NOTHING LIKE HOUSE-GUESTS for a pleasant distraction from the routines of daily life: but now it's time to get back down to brass tacks. Here's as much of the last week as I can recall:

May 12: To Cornerstone Gardens, south of Glen Ellen, a fascinating place in whose cafe I lunched on the “Best Adult Grilled Cheese,” seen here. In fact it was quite tasty, and I liked the pickled carrots that came with it, along with cucumbers and tomatoes and a bit of thinned mayonnaise dressing.

That night, fettucine bolognese at a staid Italian white-tablecloth restaurant we like to share with friends. The pasta was house-made, I'm sure, and cooked to just the right degree, and the bolognese was thoughtful, meaty, aware of carrot and herbs. With the decent Caesar salad before, a Negroni; after dinner, a Nardini grappa.

•Ca'Bianca, 835 2nd Street, Santa Rosa; 707-542-5800

May 13: Friday the Thirteenth, and I don't remember.

May 14: Farm market in the morning; salmon for dinner… I have to say I was alarmed at the price of salmon: it's gone up thirty percent since last year. It's local, of course, and line-caught, and fresh and tasty and undoubtedly good for us; and what's our money for if not nourishment. But I wonder how often we'll be eating salmon this year…

Cook fixed it in her now usual way, a recipe from Nancy Hachisu's fine book Japanese Farm Food: just a dot of butter on the fish, and a scallion, and maybe a drop of sake or vodka; wrap it in foil; cook it under the broiler until barely done…

May 15: Picnic lunch at our favorite winery. I should reveal that Lou and Susan Preston are old friends: their organic and biodynamic operation is comfortable, friendly, authentic, and beautiful.
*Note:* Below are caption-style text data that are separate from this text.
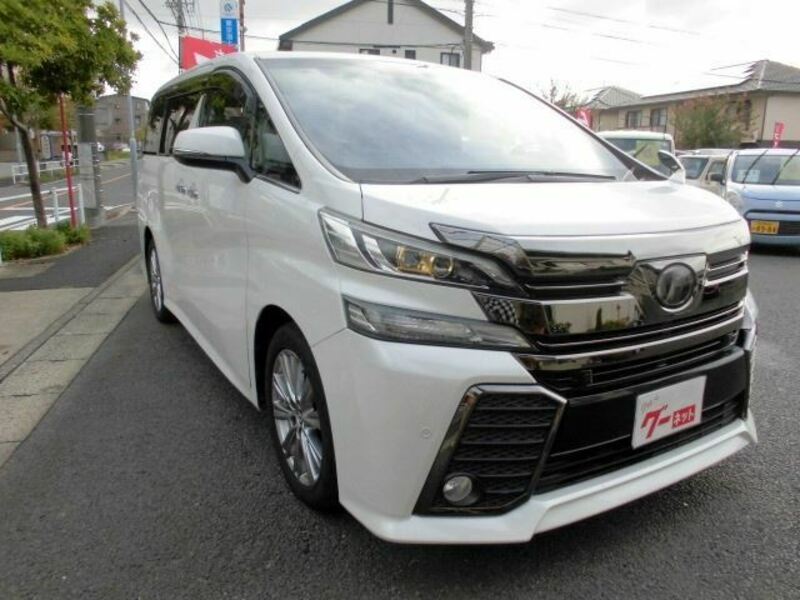 TOYOTA　VELLFIRE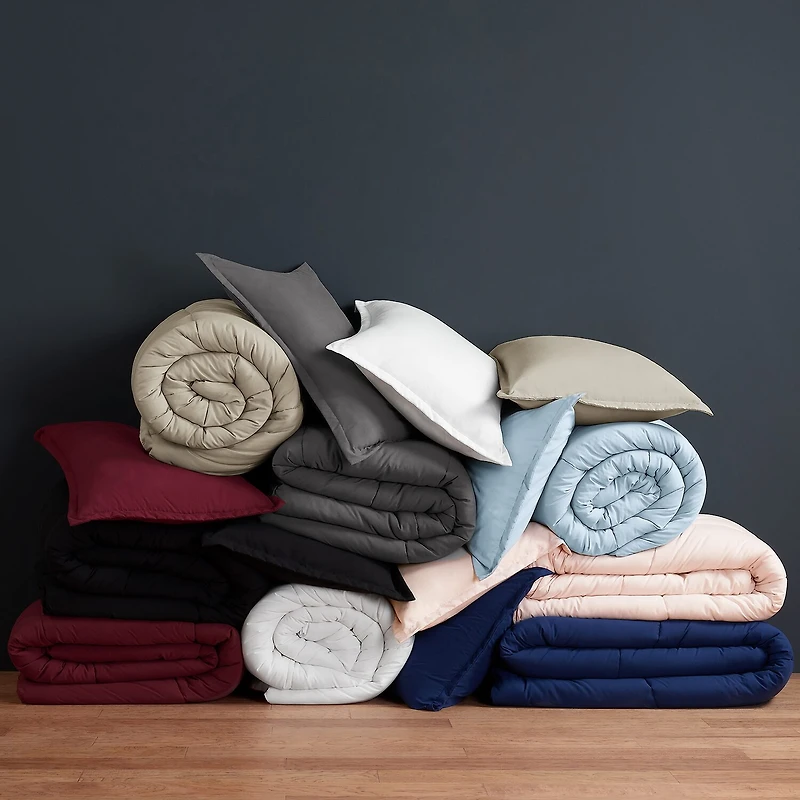 Serta Simply Clean™ Midweight Antimicrobial Treated Comforter Set
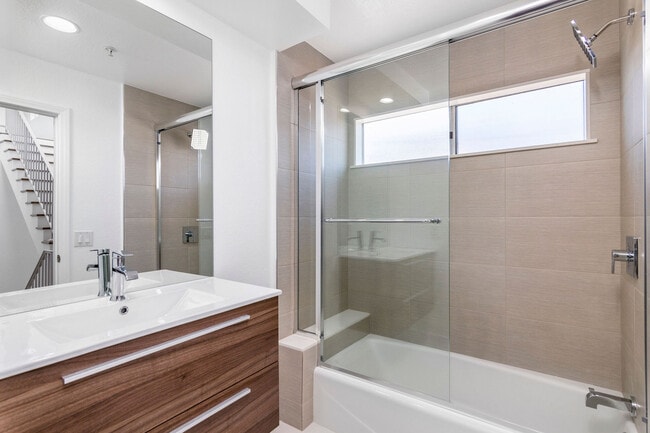 Bathroom - 527 Pine St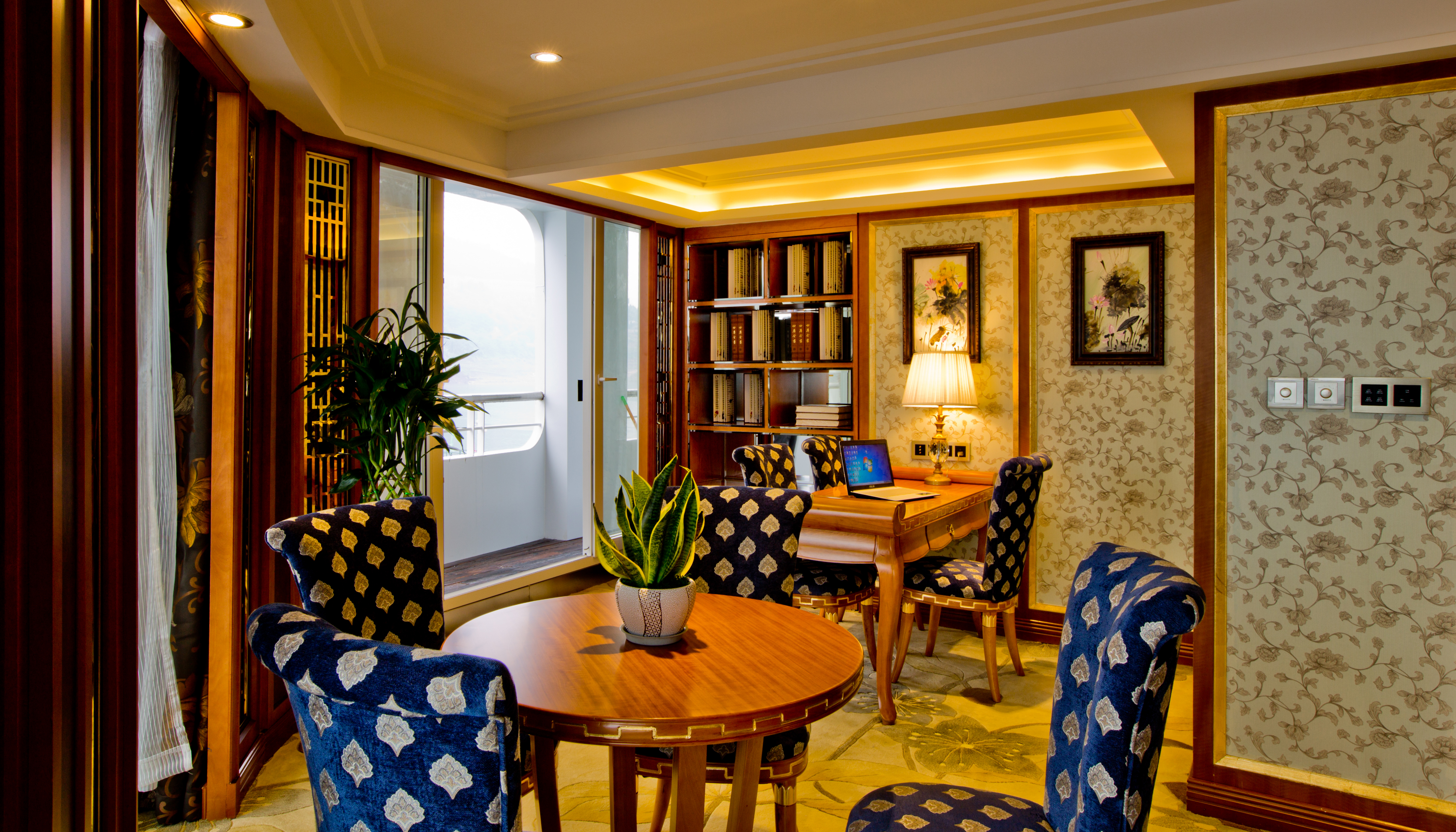 President Cruises President No. 8 Prseidential Suite 2.jpg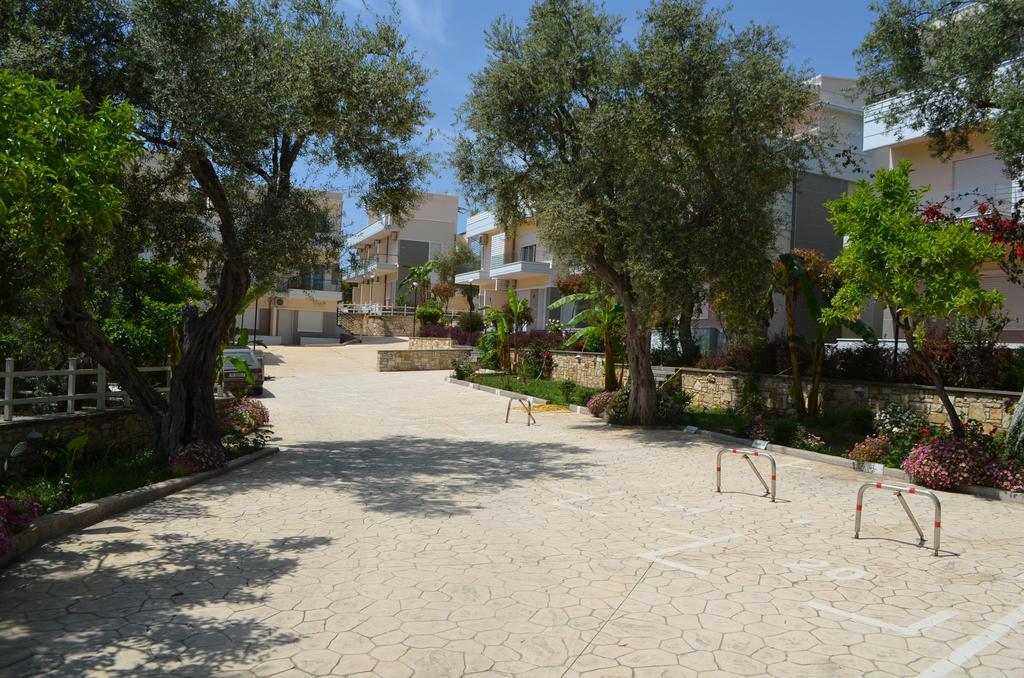 Elite 2 Kosta Hotel Dhermi Exterior photo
The wines are favorites of ours: we had a bottle of this year's rosé, with a loaf of Lou's bread, some cheese, some olive oil, and crudités our friends brought.

•Preston Farm and Winery, 9282 West Dry Creek Road, Healdsburg, California; 707-433-3372

IMG 7213In the evening, this magnificent soufflé at the neighbors down the hill: half a pound of cheese, half a dozen eggs, extra egg whites, masterfully cooked. With it, green beans and tomatoes. What a dish that is! It took me back seventy years: my mother used to put a can of tomatoes and a can of green beans in her Pyrex baking dish, tear up some Wonder bread (or was it Langendorf?) and strew it on top, and bake it until the bread burned. This was not like that: the beans were cooked al dente, the tomatoes had flavor, and the dish was gluten free.

May 16: After an early-morning drive to the airport we stopped off for breakfast in Larkspur at a place we're fond of. The cappuccino here is beautifully made, and the croissants — called "brioches" here, in the Italian style — soft, buttery, flavorful.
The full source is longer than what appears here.